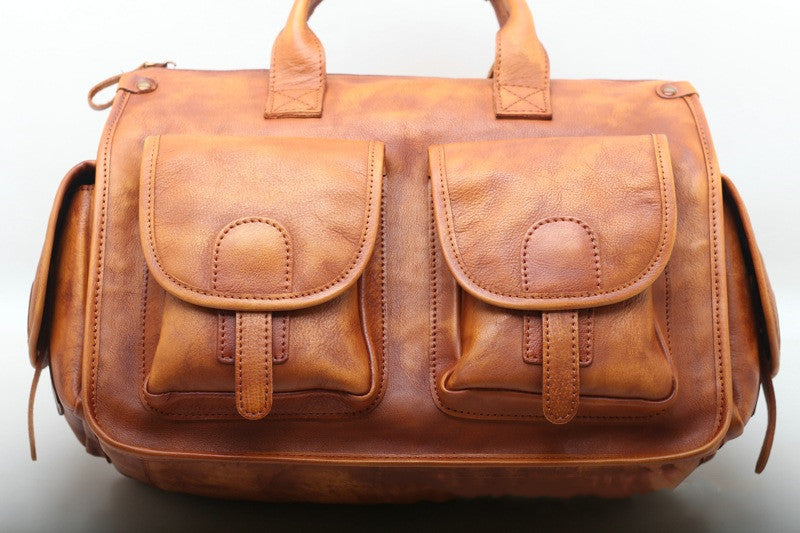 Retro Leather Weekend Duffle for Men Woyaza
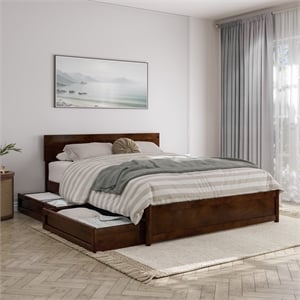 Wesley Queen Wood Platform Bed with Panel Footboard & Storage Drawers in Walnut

* * *

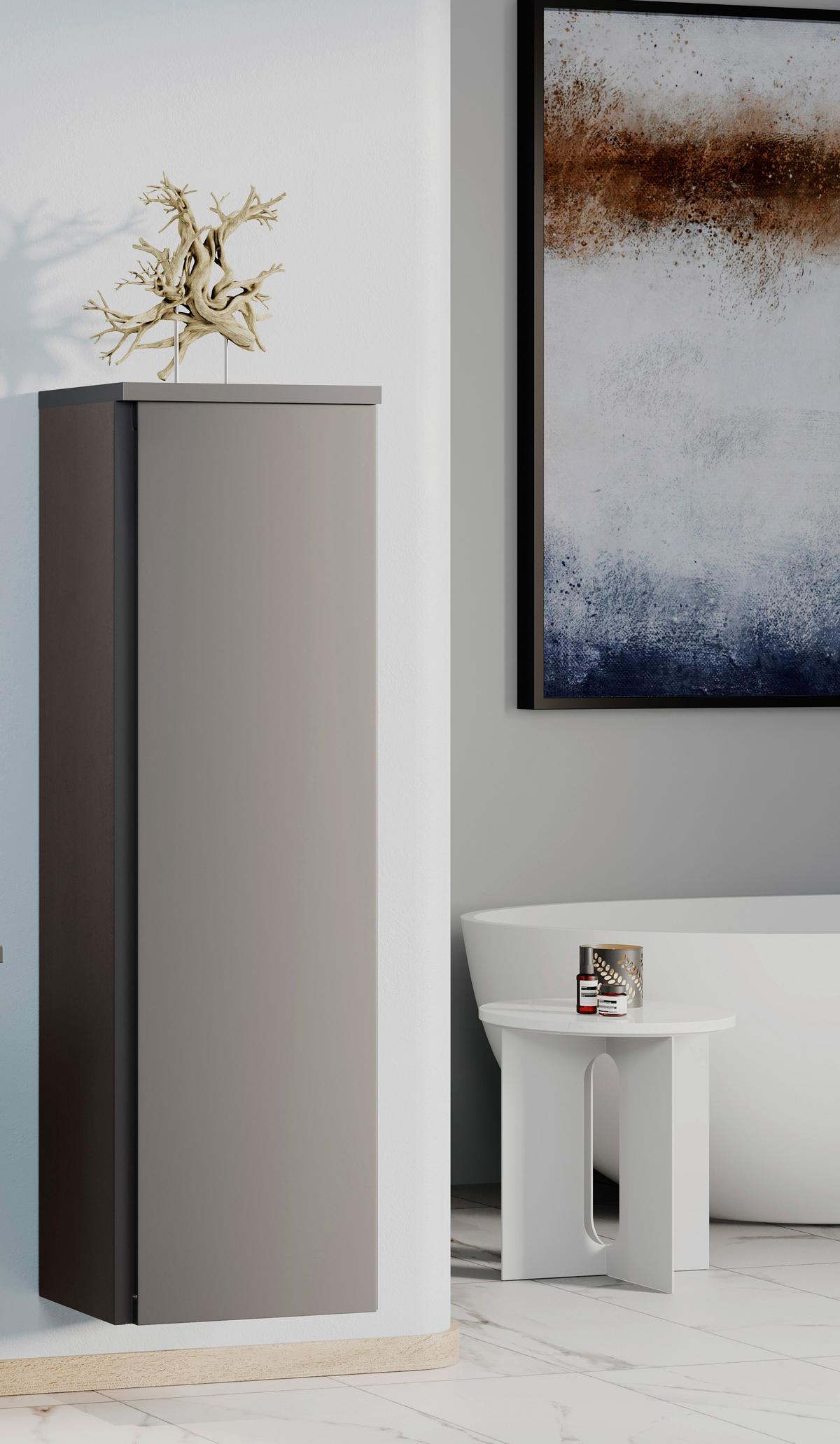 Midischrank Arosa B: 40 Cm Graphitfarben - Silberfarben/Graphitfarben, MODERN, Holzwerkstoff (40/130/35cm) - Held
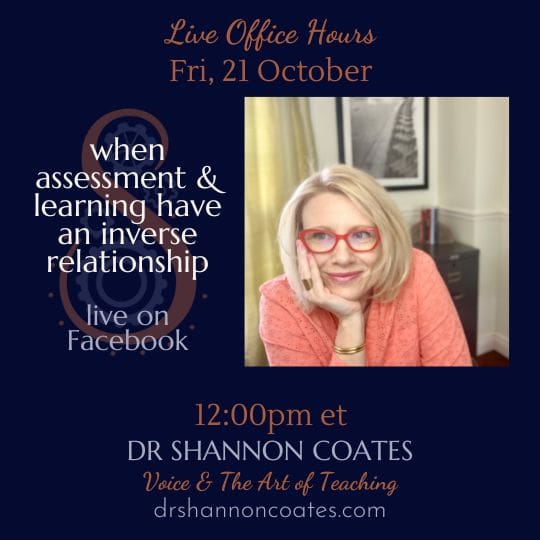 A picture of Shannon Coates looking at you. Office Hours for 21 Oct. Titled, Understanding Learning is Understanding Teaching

--

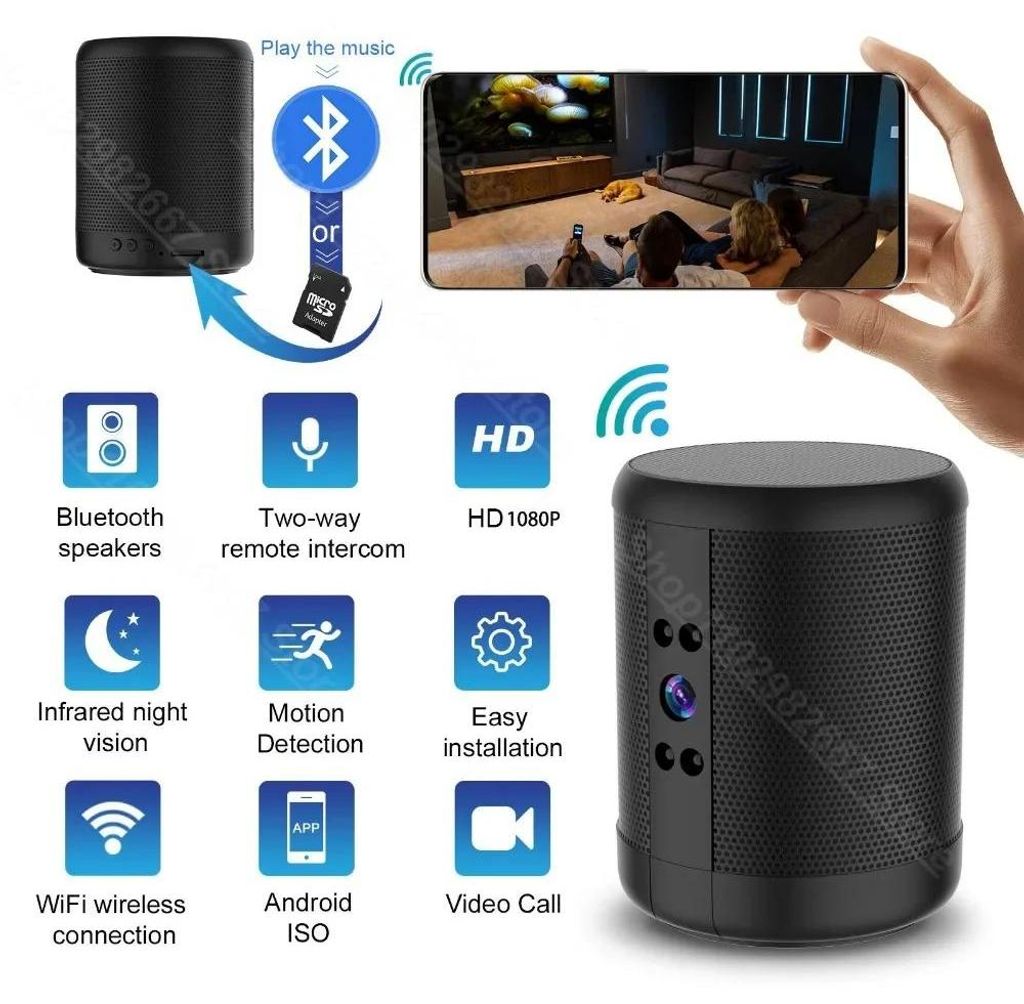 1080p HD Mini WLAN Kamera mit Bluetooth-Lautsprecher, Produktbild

## WORK REQUIRED
The answer must be the part of the records that opens with the line containing "Retro Leather Weekend Duffle for Men Woyaza" and closes with the line containing "Wesley Queen Wood", reproduced exactly, with no pictures.

## RESPONSE
 Retro Leather Weekend Duffle for Men Woyaza
 Wesley Queen Wood Platform Bed with Panel Footboard & Storage Drawers in Walnut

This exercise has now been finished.